La relación humana que requiere mayor justificación es cuando alguien ejerce poder sobre otro. La capacidad para imponer la voluntad propia a la voluntad ajena –al menos en las sociedades civilizadas– no sólo debe explicarse, sino que demanda ser justificada. La razón es simple: el poder de uno implica el acotamiento de la libertad del otro. Por eso la relación más extrema entre poder y libertad es la que existe entre el amo y el esclavo.
Cuando trasladamos esta ecuación a la dinámica entre gobernantes y gobernados es sabido que el poder absoluto es –precisamente– el poder ilimitado y, por lo mismo, cuando se materializa se esfuman las libertades. Los reyes de antaño y los déspotas de ahora disponen del buen nombre, la libertad y las pertenencias de sus súbditos que viven atemorizados. Leo en estos días el extraordinario libro de Carrère, intitulado Limónov, e imagino el peso sobre un ciudadano de a pie de la mirada de un Putin amenazante.
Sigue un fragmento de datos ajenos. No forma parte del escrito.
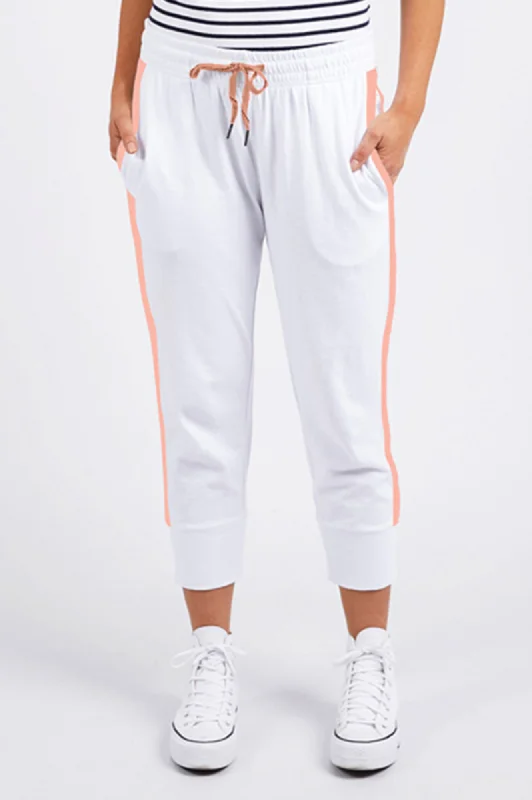 Weekend Discounts to Relish Brunch Pants - White With Neon Orange Side Tape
La vulnerabilidad ante los actos del poderoso ha sido el resorte para crear estados constitucionales. O, en otras palabras, para limitar con reglas y principios la capacidad del poderoso para vulnerar los derechos de las personas. Indago en la memoria el momento fundacional del Estado constitucional y recupero el artículo 39 de la Carta Magna en el muy lejano 1215: “Ningún hombre libre podrá ser detenido o encarcelado o privado de sus derechos o de sus bienes, ni puesto fuera de la ley ni desterrado o privado de su rango de cualquier otra forma, ni usaremos de la fuerza contra él ni enviaremos a otros que lo hagan, sino en virtud de sentencia judicial de sus pares o por ley del reino”.
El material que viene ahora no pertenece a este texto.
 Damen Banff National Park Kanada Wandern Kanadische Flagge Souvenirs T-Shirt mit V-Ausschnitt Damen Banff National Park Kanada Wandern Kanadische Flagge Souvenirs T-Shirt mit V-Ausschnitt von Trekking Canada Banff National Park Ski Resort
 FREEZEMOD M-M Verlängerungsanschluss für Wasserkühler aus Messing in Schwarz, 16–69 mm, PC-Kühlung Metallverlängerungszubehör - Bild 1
El núcleo de la norma es nítido: los actos de poder deben ser controlados. De ahí emanan un conjunto de instituciones que emancipan al súbdito del déspota: el principio de presunción de inocencia, el debido proceso, los juicios de tutela o amparo, el control judicial de los actos de autoridad, etc. Todas instituciones libertarias.
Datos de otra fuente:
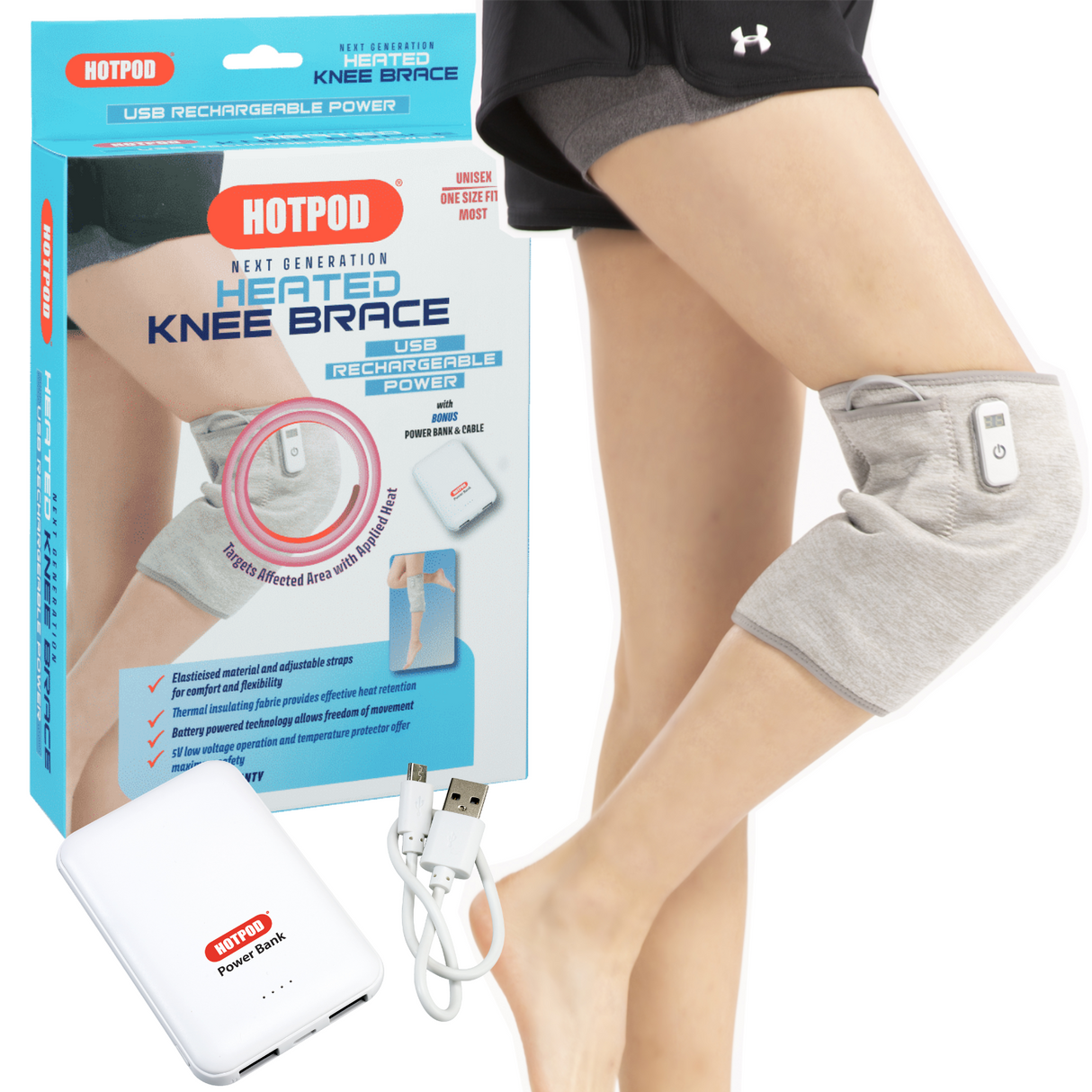 HOTPOD Heated Knee Brace Pain Relief Arthritis Joint Pain Support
El recuento viene al caso por dos eventos que se han verificado en nuestro país en días pasados. Primero, la reforma al artículo 19 constitucional que amplía la prisión preventiva oficiosa a un conjunto de delitos; segundo, el señalamiento del Presidente de la República –y de dos de los altos funcionarios de su gobierno– en contra del presidente de la CRE, Guillermo García Alcocer. En ambas situaciones se ha puesto en vilo al Estado constitucional de derecho (como llaman los teóricos al arreglo institucional que protege a la libertad frente al arbitrio).
Imponer a un juez la obligación de ordenar detener y enviar a prisión “oficiosamente” a quién ha sido acusado de un delito –sin que se le haya probado nada–, en primer lugar viola el principio de separación de los poderes. El poder reformador de la Constitución –que es una instancia legislativa– conculca a los juzgadores la médula de su función. El juez no puede juzgar porque debe actuar de oficio; o sea, debe aplicar la medida sin más.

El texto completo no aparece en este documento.